We hope to make these cvmfs repositories as stand-alone as possible, but currently they require a setup script and X509_CERTIFICATE_DIR.

Setting up grid.cern.ch is fairly simple, just add grid to the list of CVMFS_REPOSITORIES in /etc/cvmfs/default.local and restart cvmfs. You will need to edit a local version of the setup scripts, and have them point at the cvmfs emi wn base.

Setup

This assumes that the workernode has been setup to work within the batch system, and the users and groups have been set up. It would technically be possible to use the config_users function of yaim that is currently still within the tarball, but I this hasn't been, and won't be, tested.

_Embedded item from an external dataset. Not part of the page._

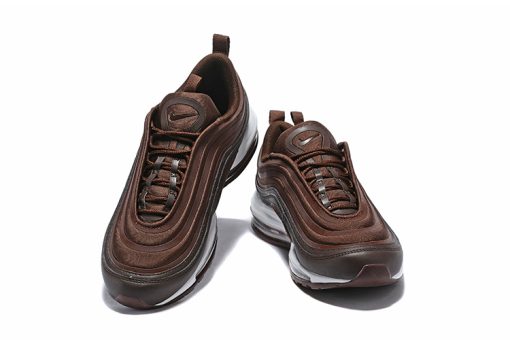 NIKE AIR MAX 97 BROWN ULTRA SE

Download and unpack the tarball to a shared area, preferably write only to the clients (at Lancaster we admin our tarball areas through our CEs). Create/edit a user environment script with the following points:

  • NEW EMI_TARBALL_BASE is a flag that should be set for tarball nodes - this will act as a pointer to the tarball area, allowing users to identify the node as using the tarball and showing them the way to the tarball paths. This is not used yet, but will likely be utilised in the near future by nagios probes and atlas install jobs.
  • LD_LIBRARY_PATH, PATH and (ironically) GLITE_LOCATION, as well as other variables (listed in the example) need to point at the corresponding tarball areas, as well as local areas for the path like variables. Tarball paths should proceed locally installed ones.
  • Other site specific environment variables (e.g. VO software areas, default SEs, SITE_NAME, BDII_LIST) need to be set up. All this used to be done by yaim.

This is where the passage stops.